Оставив Белбона в передней, я прошел через атриум, миновал расположенный за ним широкий коридор, затем сводчатый проход под колоннадой, и наконец по неширокому лестничному пролету попал на открытый воздух и солнечный свет. Сад был квадратной формы, окруженный крытым портиком. В дальнем конце его находилась низкая платформа, похожая на сцену, поскольку за ней стояла раскрашенная стена, изображавшая вид тесно застроенного города, словно театральный задник. Перед платформой зеленела лужайка, на которой было достаточно места для нескольких рядов кресел. По всем четырем углам сада росли кипарисовые деревья, верхушки которых поднимались выше крыши. В центре сада находился маленький фонтан со статуей обнаженного Адониса. У его ног лежала бронзовая рыба, из раскрытого рта которой в бассейн текла вода. Я подошел ближе, чтобы рассмотреть мозаику, украшавшую дно бассейна. Под подернутой рябью поверхностью воды изображения дельфинов и осьминогов дрожали на мерцающем голубом фоне.

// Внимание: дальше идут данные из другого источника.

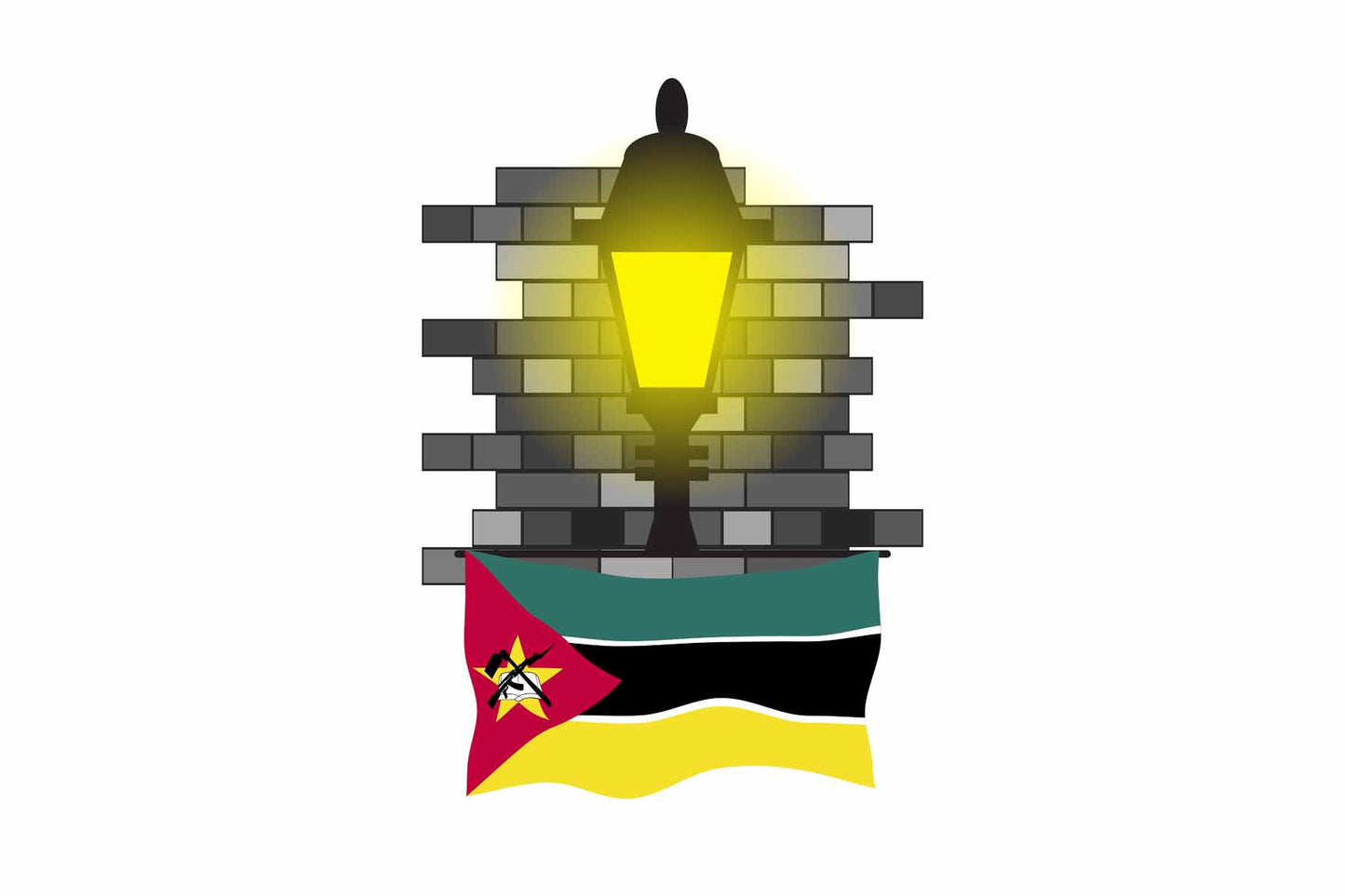 Mozambique Street Lamp Bricks Sticker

Адонис был изображен в коленопреклоненном положении — колени согнуты, руки вытянуты ладонями вверх, на поднятом лице застыло сияющее выражение. Совершенно очевидно, кому он выражает покорность, потому что на лестничном пролете, по которому я спустился к фонтану, находился высокий пьедестал, а на нем, возвышаясь над садом, стояла бронзовая статуя Венеры, еще более величественная и богато отделанная деталями, чем та, что украшала сад Клодии на Тибре. Богиня была обнажена выше талии; складки одеяния, облегавшего ее бедра, казались застывшими в дрожащем колыхании над землей. Округлости ее тела были великолепны, а раскрашенная бронза производила полное впечатление податливой плоти, но размеры самой статуи превосходили всякие пределы, были смущающе огромными, отчего статуя казалась скорее устрашающей, чем красивой. Руки богини застыли в жесте, красноречиво говорящем о нежности, причем скорее материнской, чем эротической, но все это было в странном несоответствии с ее лицом, которое сохраняло удивительно пассивное выражение, строгое в своей красоте. Немигающие глаза из лазурита глядели прямо на меня.